Pictures with short captions

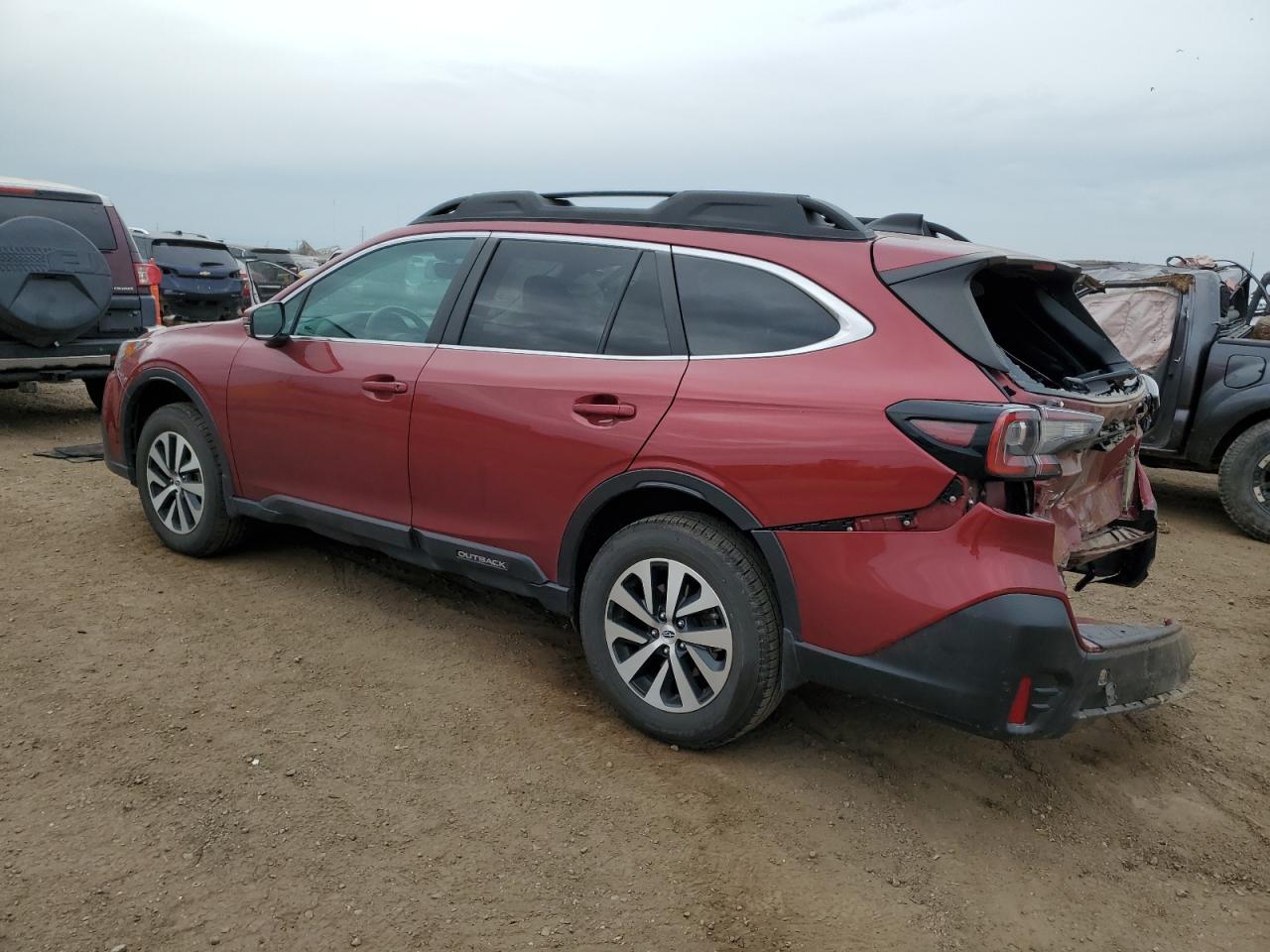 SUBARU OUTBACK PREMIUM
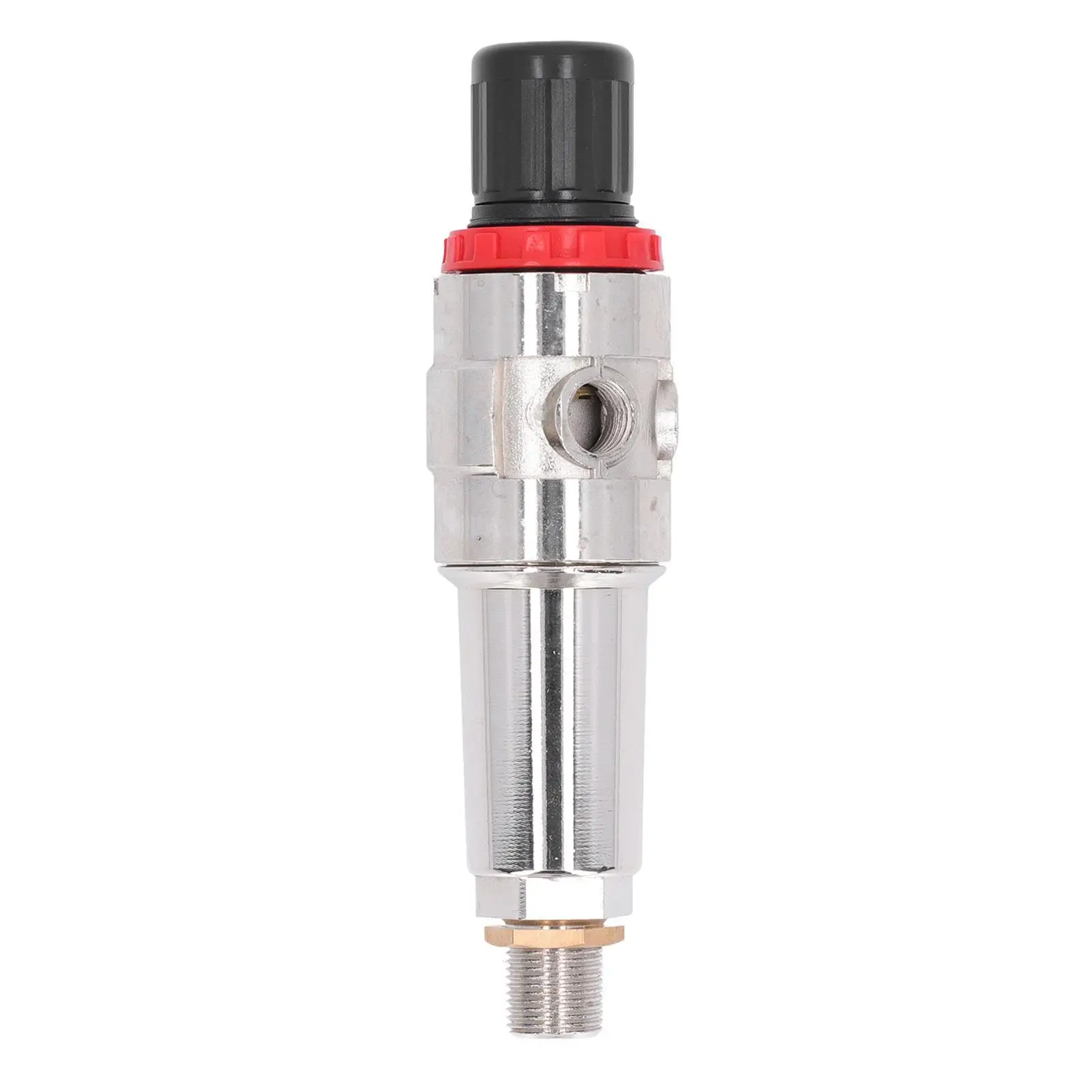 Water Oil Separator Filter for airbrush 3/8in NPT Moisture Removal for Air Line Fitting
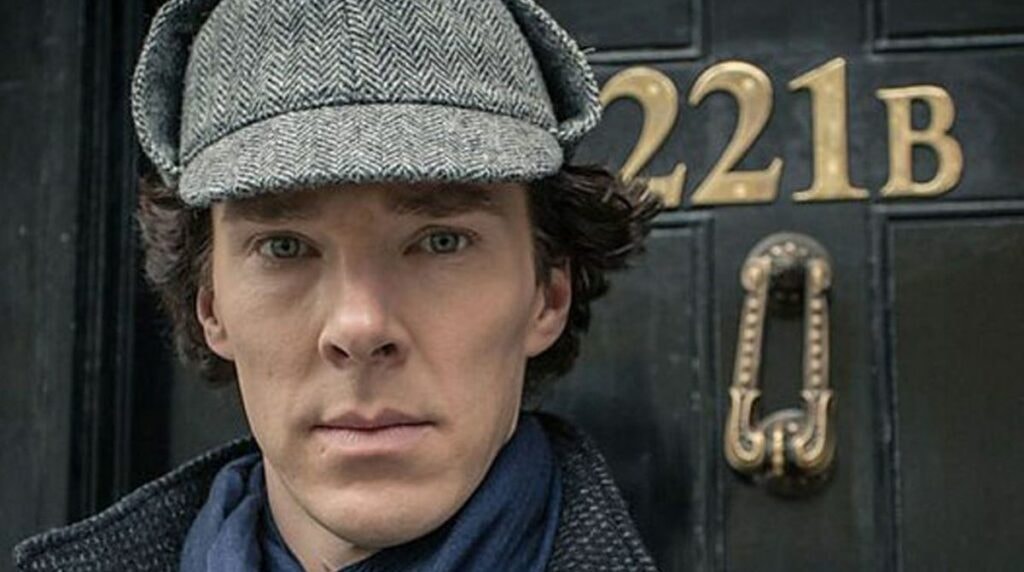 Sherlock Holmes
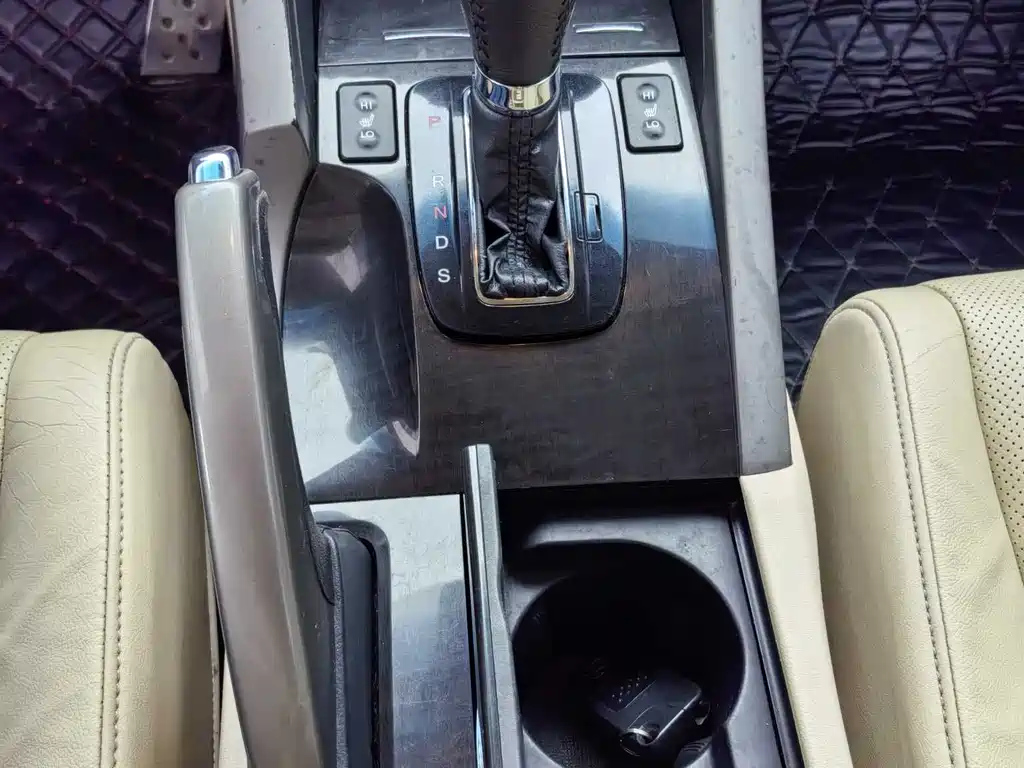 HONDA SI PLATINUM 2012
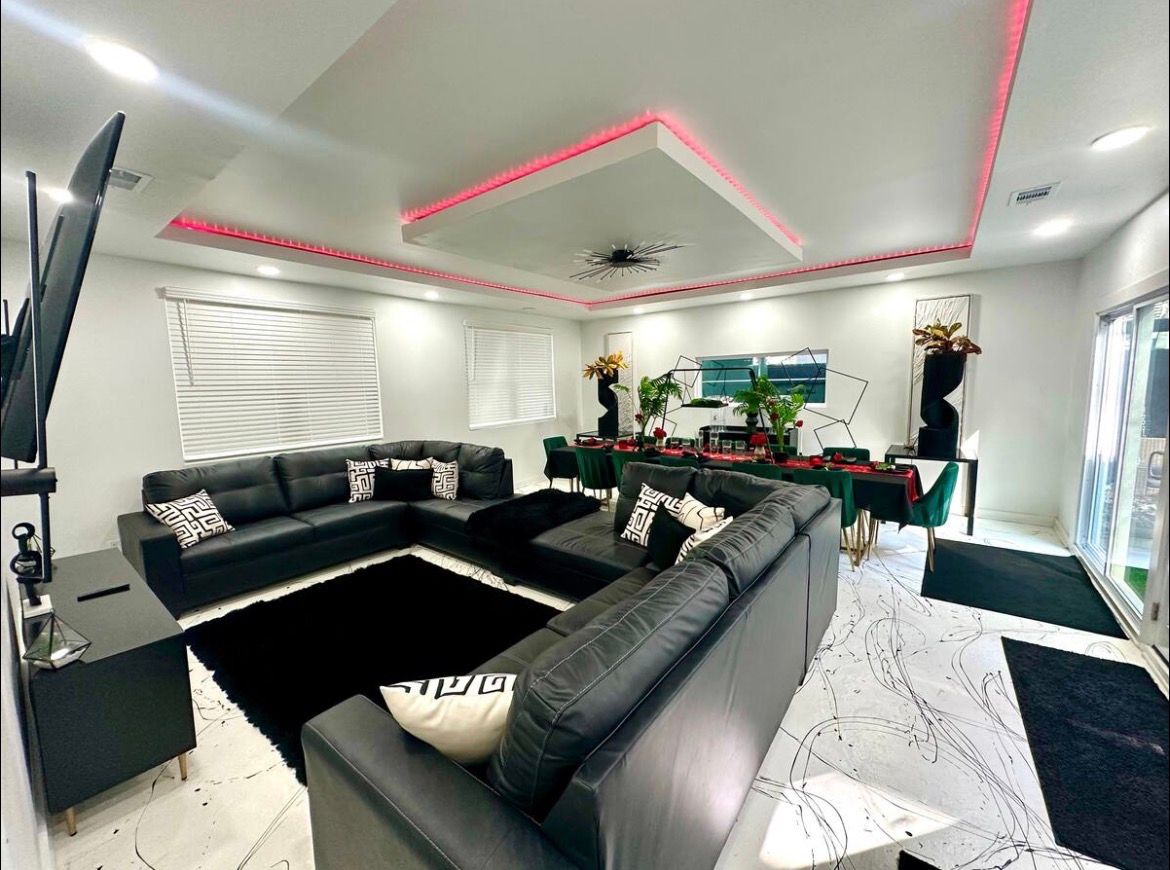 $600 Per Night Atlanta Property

• _Task_
Could you reproduce exactly, and only, the lines from the one containing "Sherlock Holmes" through the end of the records above, both included, while leaving out the pictures?

• _Answer space_
 Sherlock Holmes
 HONDA SI PLATINUM 2012
 $600 Per Night Atlanta Property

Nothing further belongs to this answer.